On a day like this…
It’s hard to know what to write on a day like this when the news is full of shocking edicts and social media aflame with righteous anger and revolt. The threat to the precarious balance of global diplomacy is increasing day by day, with populist movements running roughshod over common sense and basic human decency. It is heartbreaking. It is infuriating. And it must be resisted.
But what does that look like? For you? For me? For us?
As a woman from a small city in a small country, it’s hard to feel like anything I can do can really make a difference. I feel my efforts being swallowed up by my own sense of impotency. I use my vote in every election, in every referendum. I raise my voice to speak out about inequality where I find it. I support others on a daily basis to practice deep self-reflection that leads to clear-seeing, self-acceptance, true empathy. I raise my children to live with compassion, fairness, and generosity as their guides.

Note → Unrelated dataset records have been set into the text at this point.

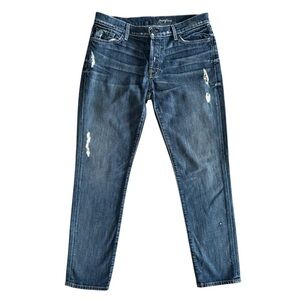7 for All Mankind Josefina Distressed Jeans sz 31 slim boyfriend ankle crop 999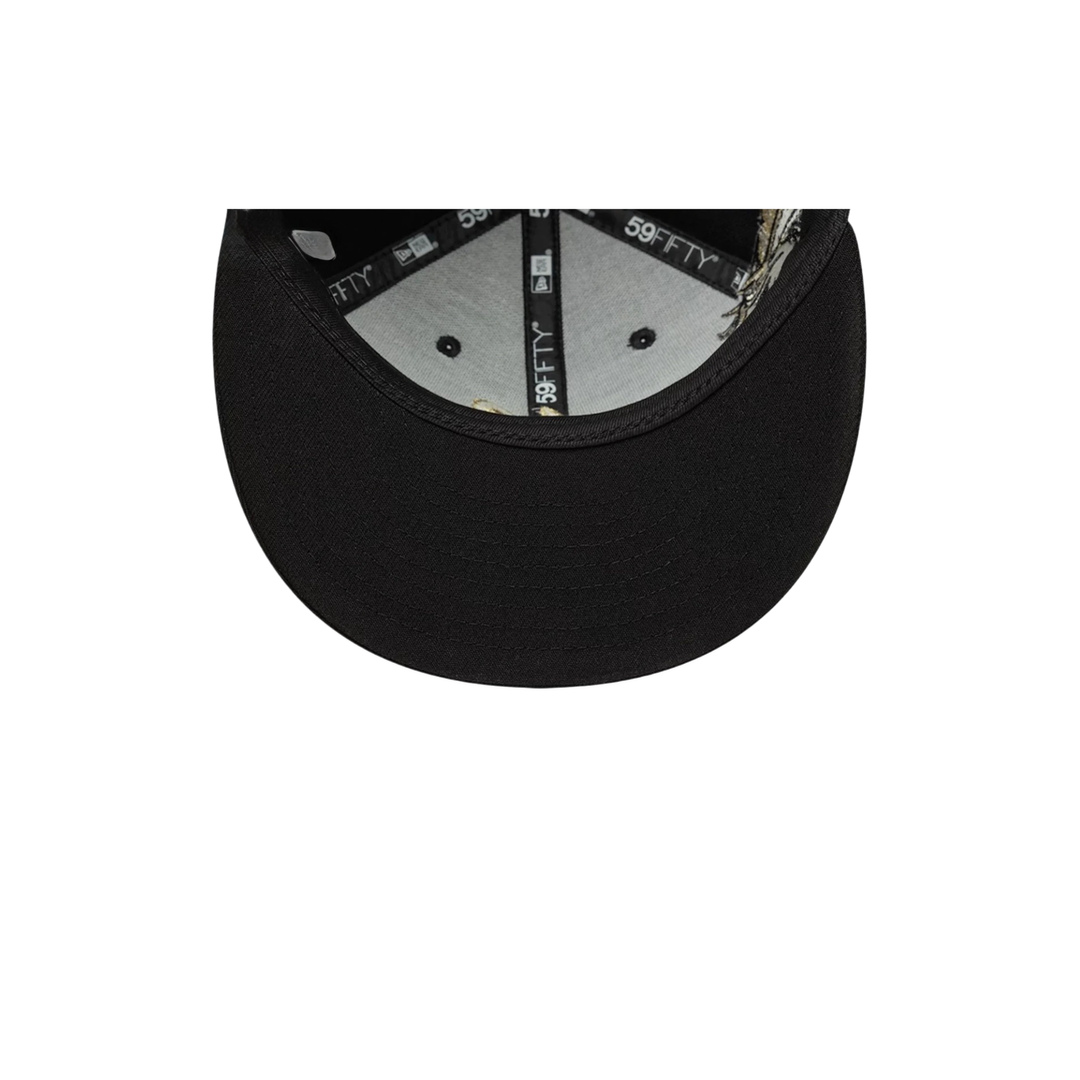 New Era black gold embroidery fitted hat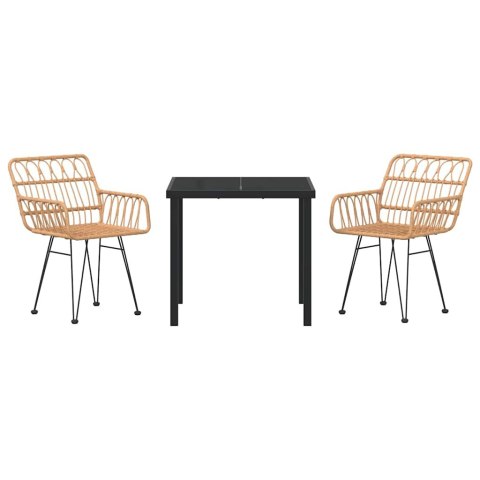 VidaXL Zestaw do jadalni w ogrodzie 3 pcs Brązowy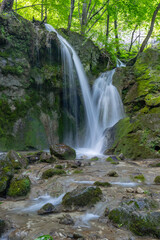 Fototapeta premium Hajsky waterfall, National Park Slovak Paradise, Slovakia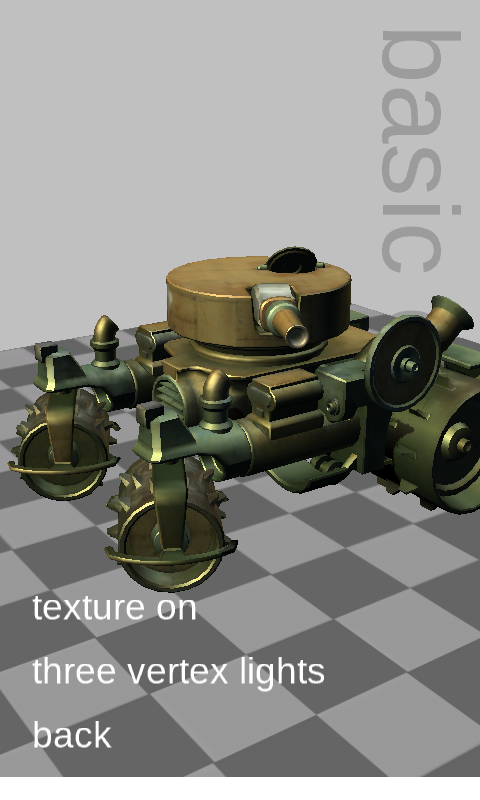 The sample's BasicEffect scene showing an animated tank on a tiled floor.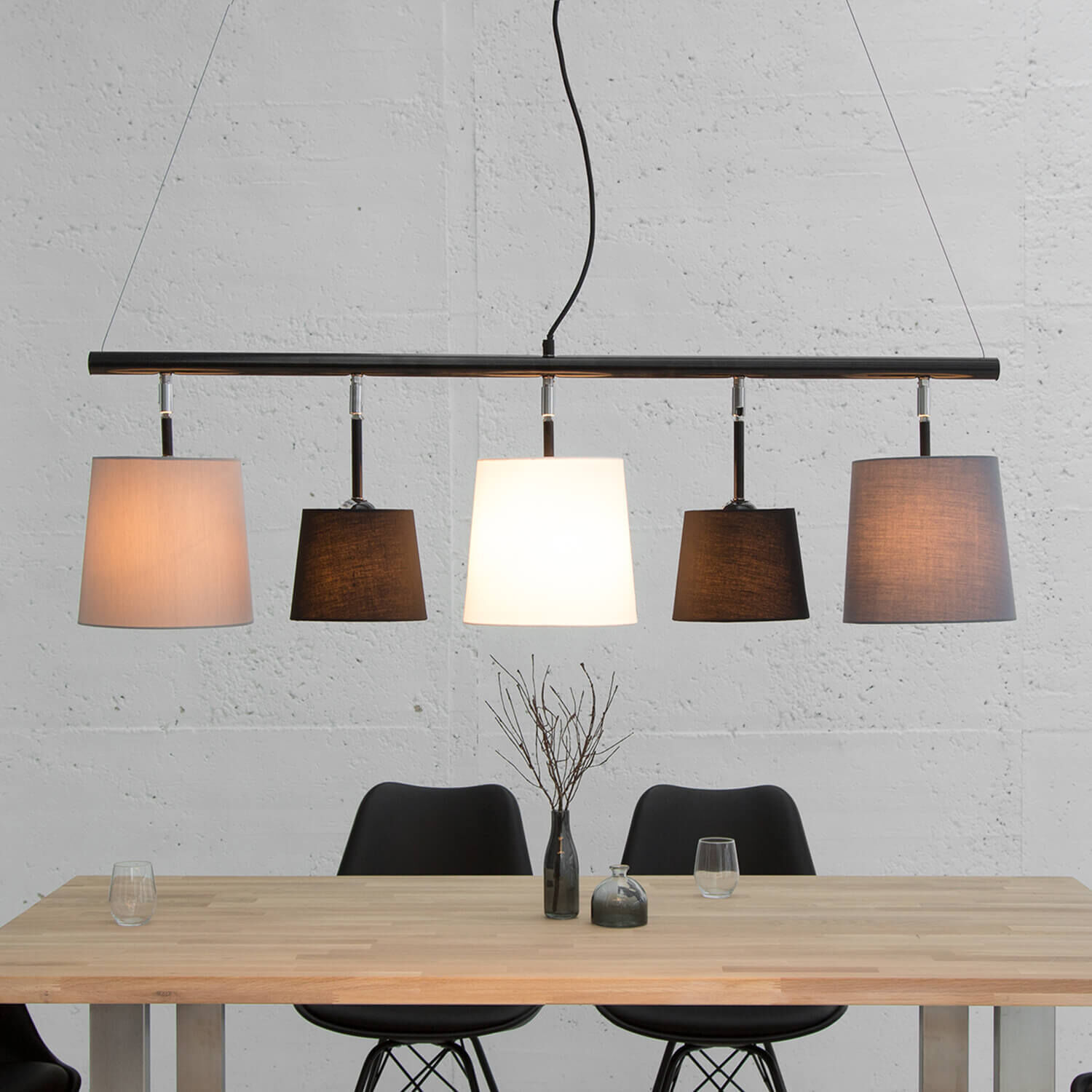 Pendelleuchte lang E14 Modern Design stylisch Lampe, Stuhl, Mobiliar, Tabelle, Tischplatte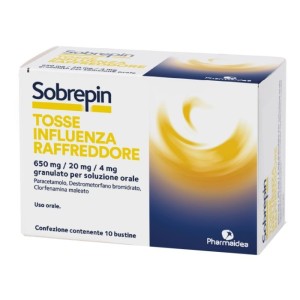 Sobrepin tosse influenza raffreddore orale 10 buste 650 mg +20 mg + 4 mg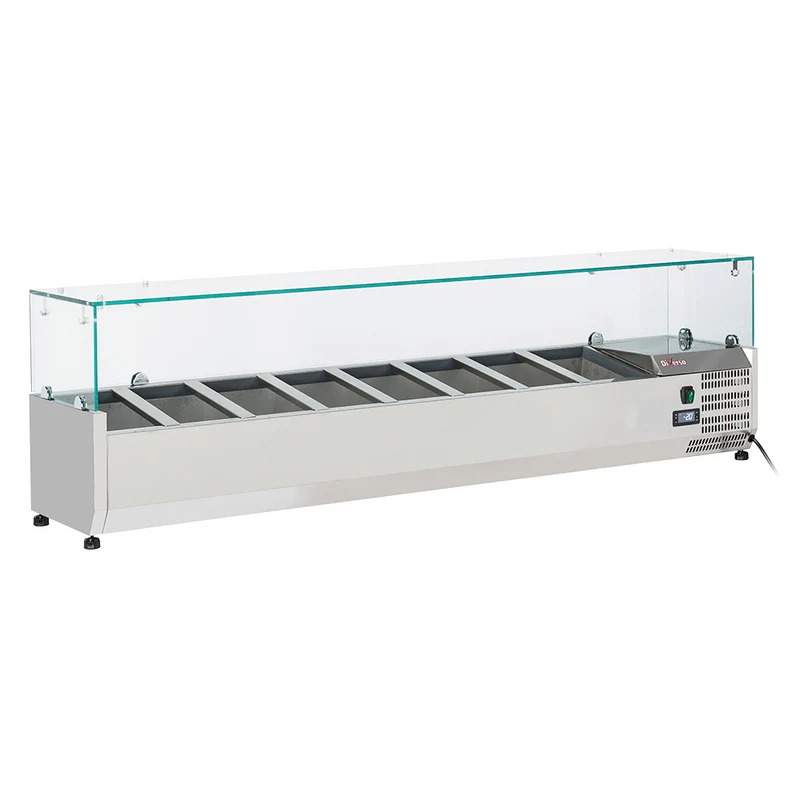 Kühlaufsatzvitrine für 8x GN 1/4 , Edelstahl , 180 cm breit, WR-SX18-V5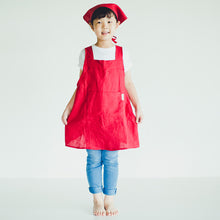 画像をギャラリービューアに読み込む, 【リネン】バイカラーキッズエプロン|かぶるだけ|ボタンなし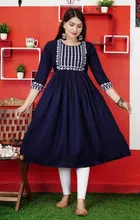 Rayon Printed Anarkali Kurti for Women (Navy Blue, S)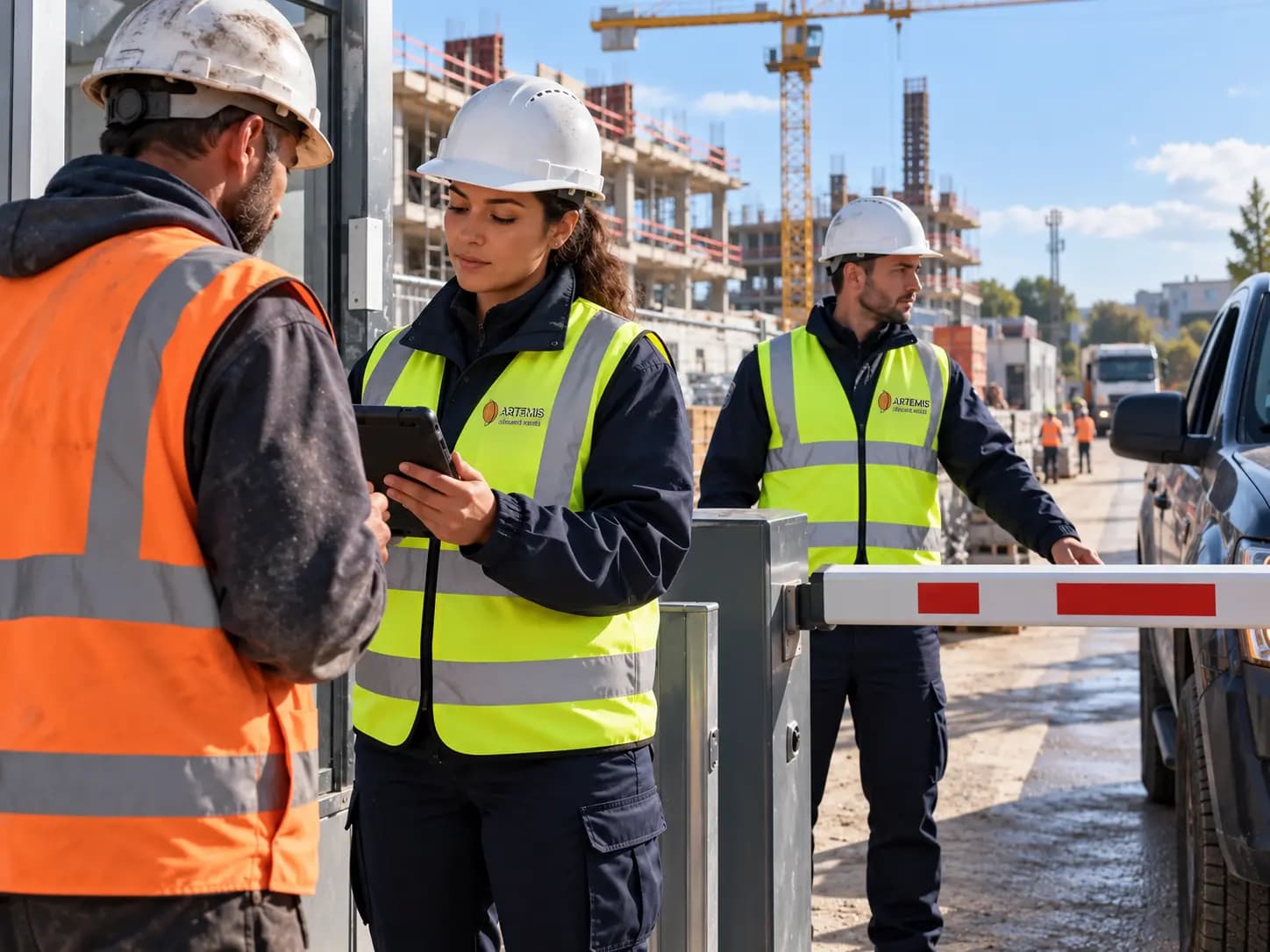 Contrôle d’un accès de chantier entre une agente équipée et un intervenant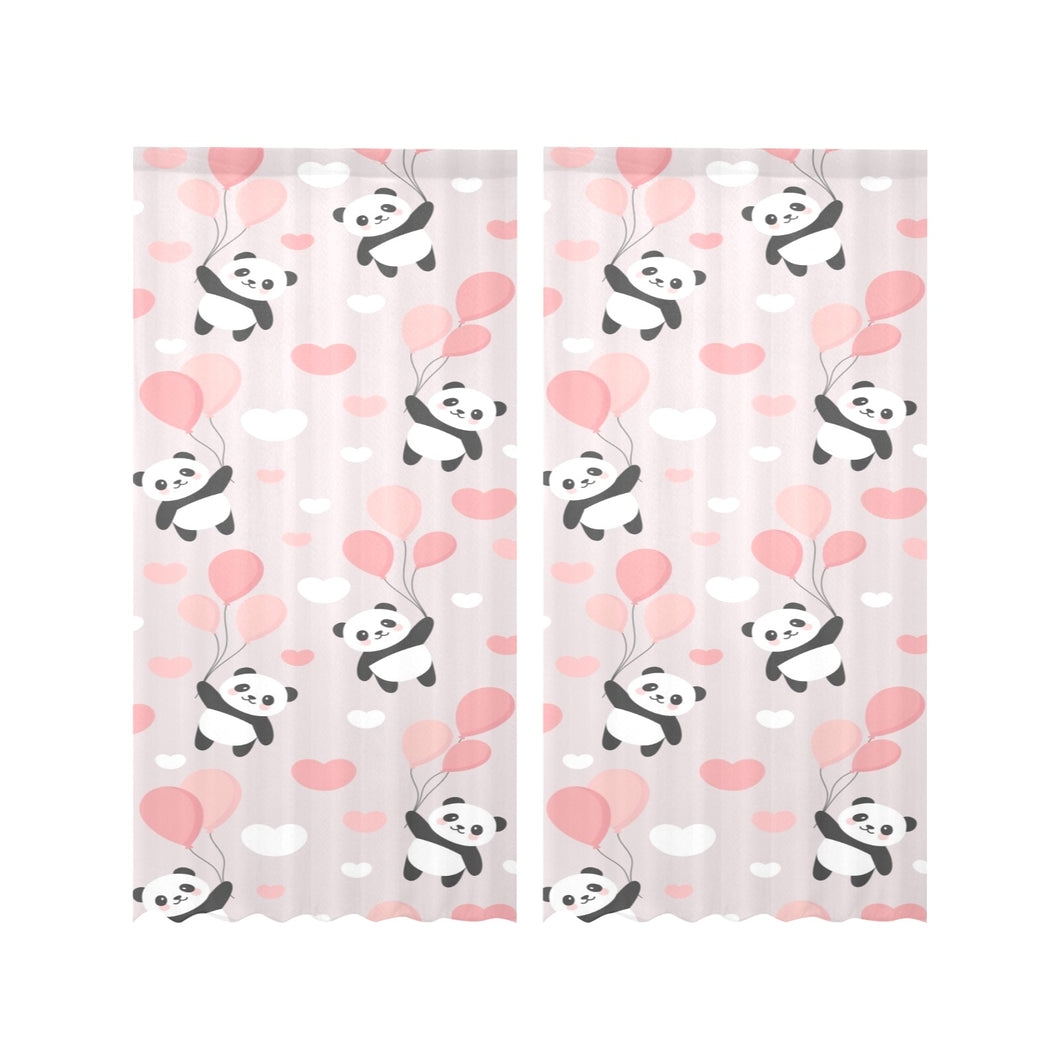 Cute panda ballon heart pattern Gauze Curtain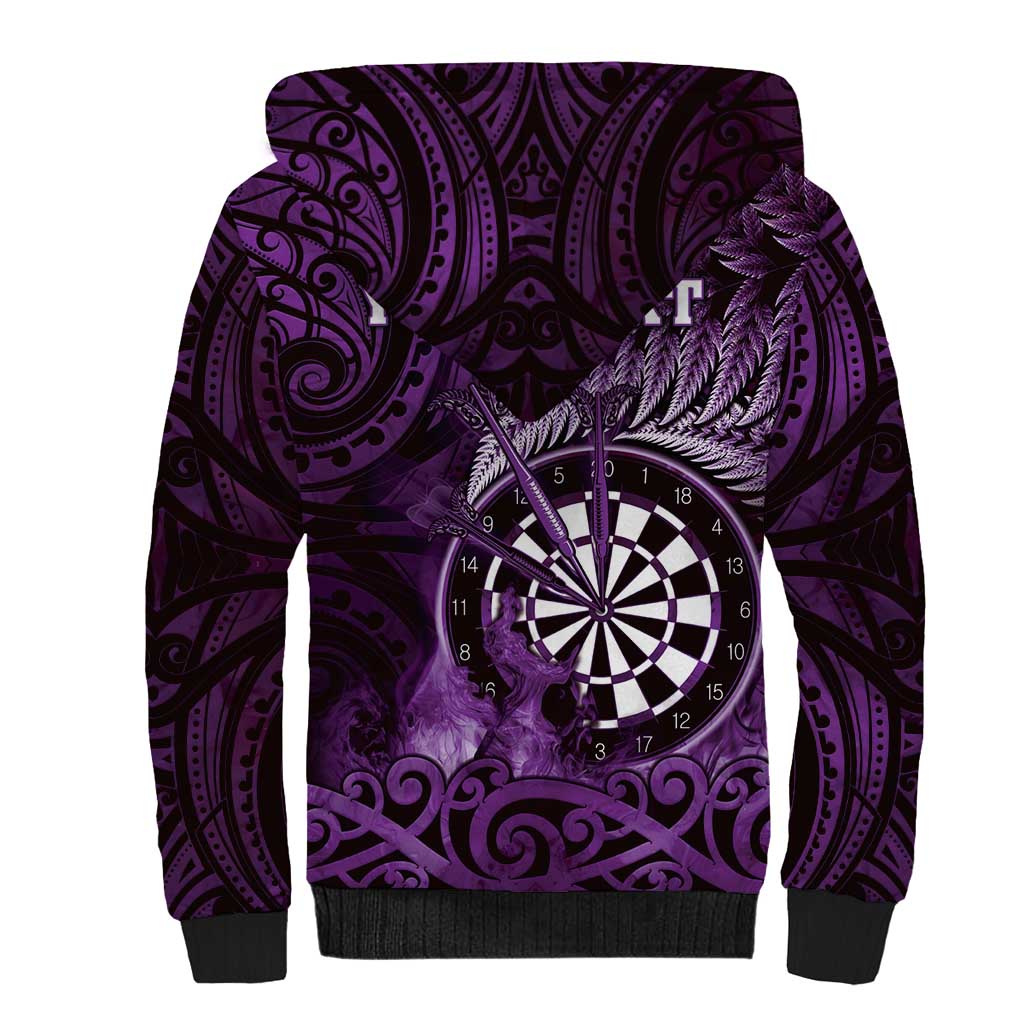 Personalised New Zealand Darts Sherpa Hoodie Maori Koru Dartboard Purple Flame LT05 - Polynesian Pride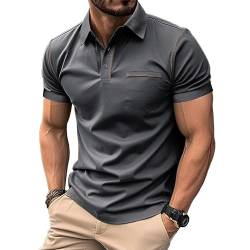 MakingDa Poloshirt Herren Kurzarm Schein-Tasche V-Ausschnitt Kragen Klassisch Lässig Regular Fit Einfarbig Polohemd Golf Tennis Laufen Leichtgewicht Sportkleidung Sommer Arbeit Poloshirt DunkelgrauXXL von MakingDa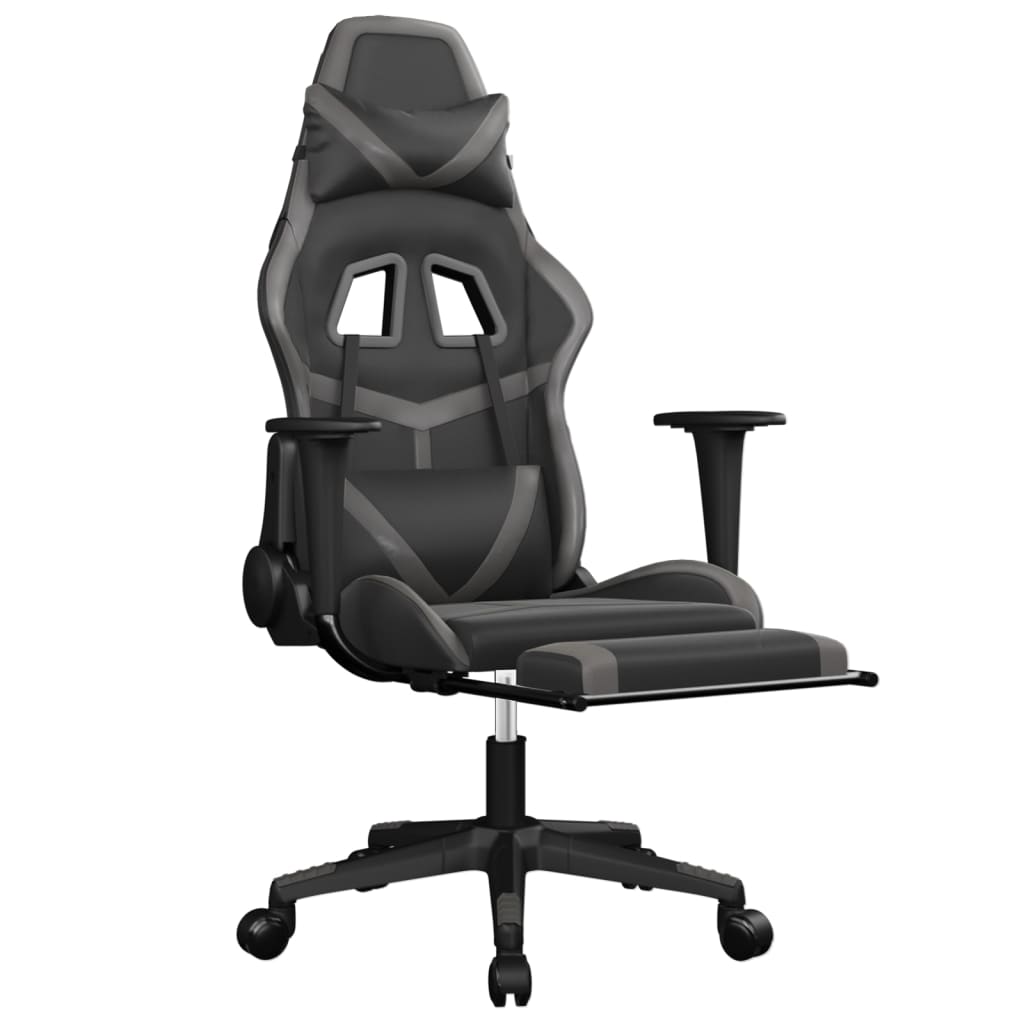 Cadeira gaming c/ apoio para pés couro artificial preto e azul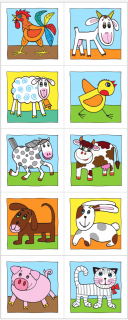 Výlet za zvieratkami - Farma, Les, Zoo - bavlnený panel Zvieratká: Výlet na Farmu (farebný)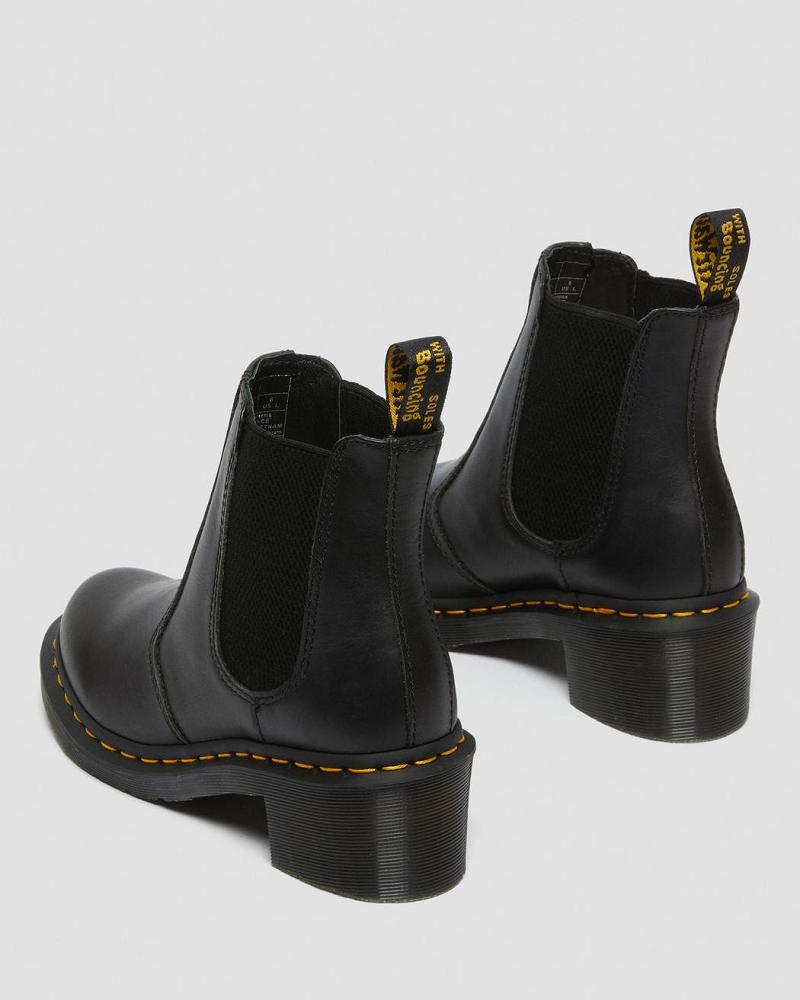 Black Women's Dr Martens Cadence Leather Heeled Chelsea Boots | CA 123ZUT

But the problems that the citizens of the world are facing now seem so large and so impossibly insurmountable by the individual, it’s hard to feel like any action taken on my part will tip the balance towards a free and fair society where each person is afforded their dignity regardless of gender, race, age, income, nationality, religious belief, sexual orientation etc.
However, as I write that I have to ask myself if that’s actually true. Or is it a story I am telling myself so that I can, in some small way, justify inaction, complacency, silence… which is ultimately to be complicit with the actions of those I genuinely find abhorrent.
Because I do have a voice, I have connections to many, I have a big heart that knows how to love – fiercely, furiously, fully. And so with all of that, I am asking myself, what can I do? What action can I take? What difference can I make?
Then, I see that perhaps it’s not even about assessing what difference any of us can make. For in truth, we will never know the extent of our own legacies – our influence rippling out across connections that we remain entirely unaware of. So, in that case, the invitation then is to live day after day making choices that are rooted in love and grounded in compassionate action. The invitation is to live a life crafted by decisions to speak up on behalf of those whose voices are not heard and whose rights are not respected. The invitation is to show up and speak out against those who place profit over people, who invest in walls instead of bridges, and who choose personal power over fair policy-making.
So yes… what to write on a day like this? An invitation. To you, to me, to us. Because, my loves, it’s time to step up, to lean in, to speak out. The alternative is complicity. And I, for one, refuse to be complicit with the words and actions that breed hatred, divisiveness and greed.